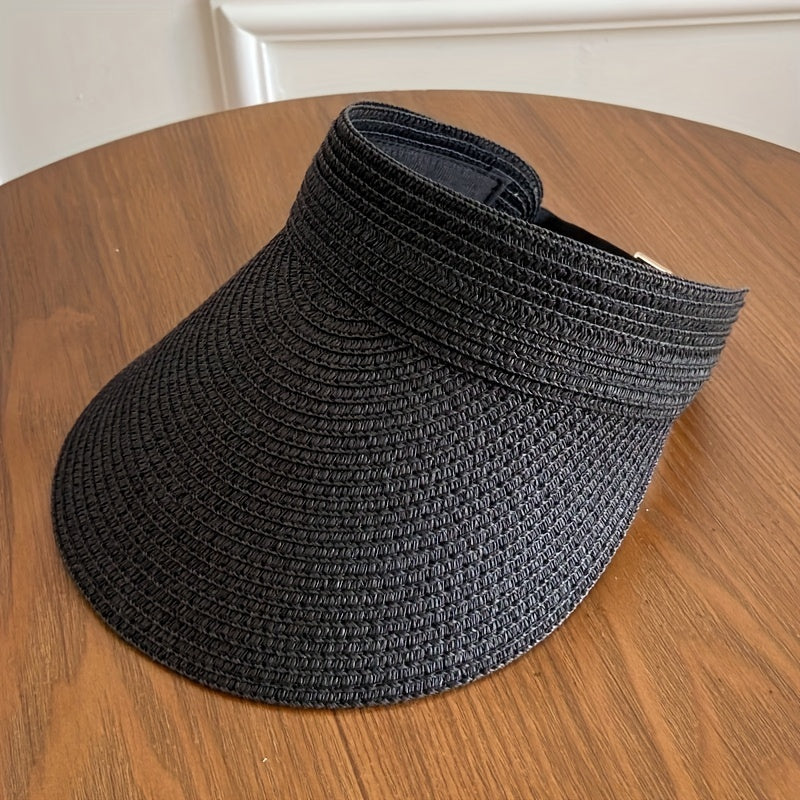 Wearclo | Women's Wide Brim Sun Visor Hat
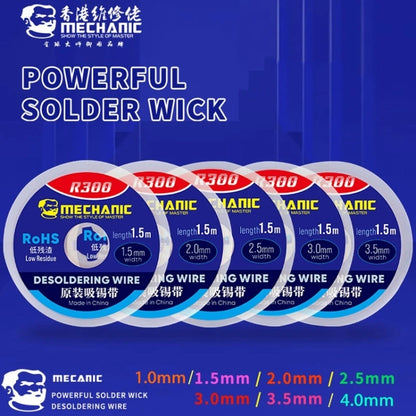 سلك شفط قصدير MECHANIC R300 بطول 1.5 متر و3.0 مم، MECHANIC R300 بطول 1.5 متر و3.0 مم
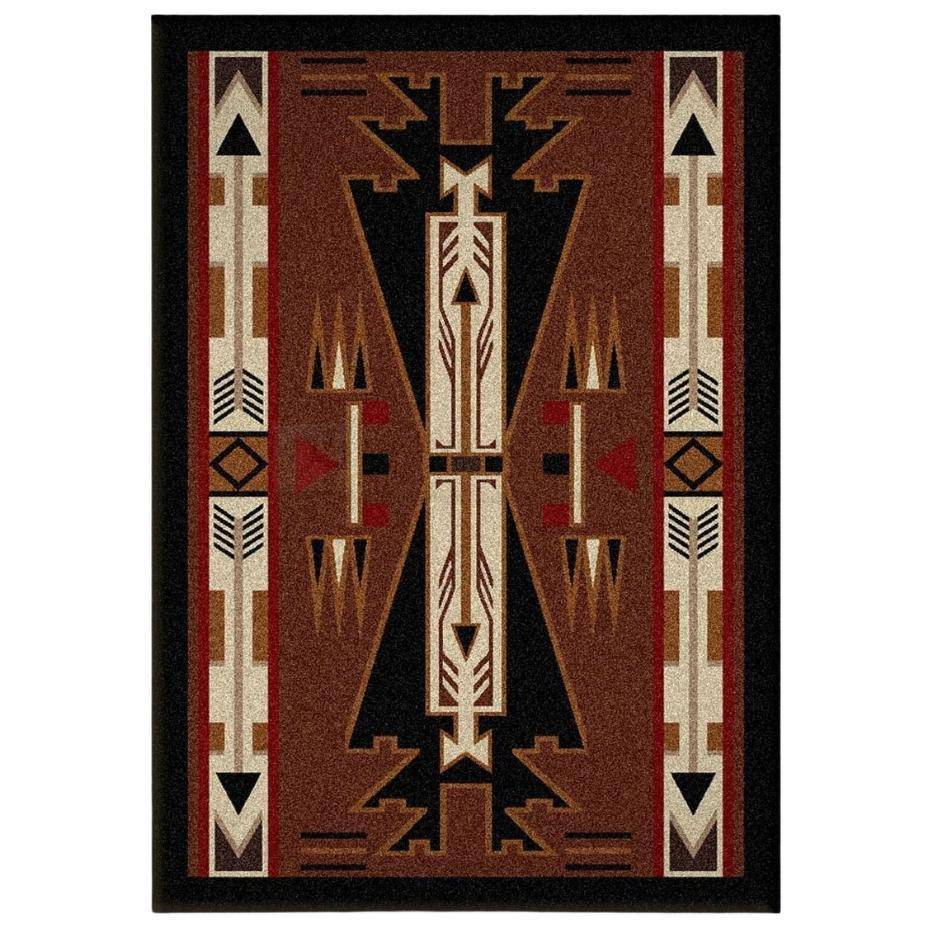 Desert Vandals - Brown-CabinRugs Southwestern Rugs Wildlife Rugs Lodge Rugs Aztec RugsSouthwest Rugs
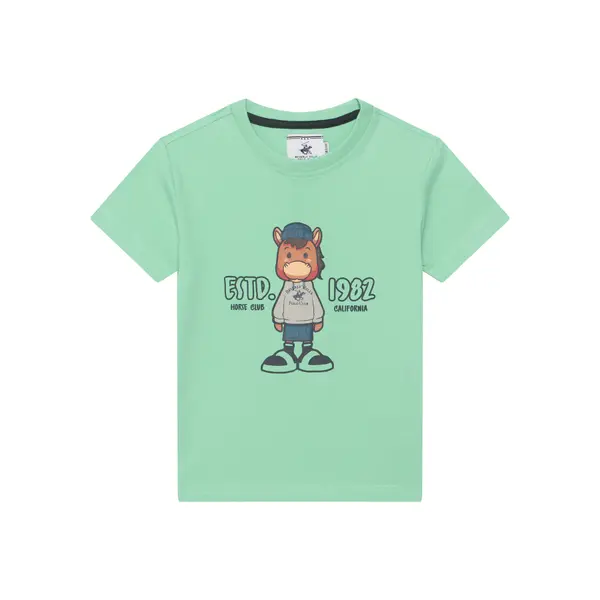 Beverly Hills Polo Club Beverly Hills Polo Club T-shirt P-SS26B-TS0135 Zelena Regular Fit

- - -

TASK BRIEF
From the top of the listing above, repeat each line exactly until you reach the line containing "Desert Vandals - Brown-CabinRugs", and repeat that one too. Leave the pictures out.

EXERCISE RESPONSE
 Wearclo | Women's Wide Brim Sun Visor Hat
 سلك شفط قصدير MECHANIC R300 بطول 1.5 متر و3.0 مم، MECHANIC R300 بطول 1.5 متر و3.0 مم
 Desert Vandals - Brown-CabinRugs Southwestern Rugs Wildlife Rugs Lodge Rugs Aztec RugsSouthwest Rugs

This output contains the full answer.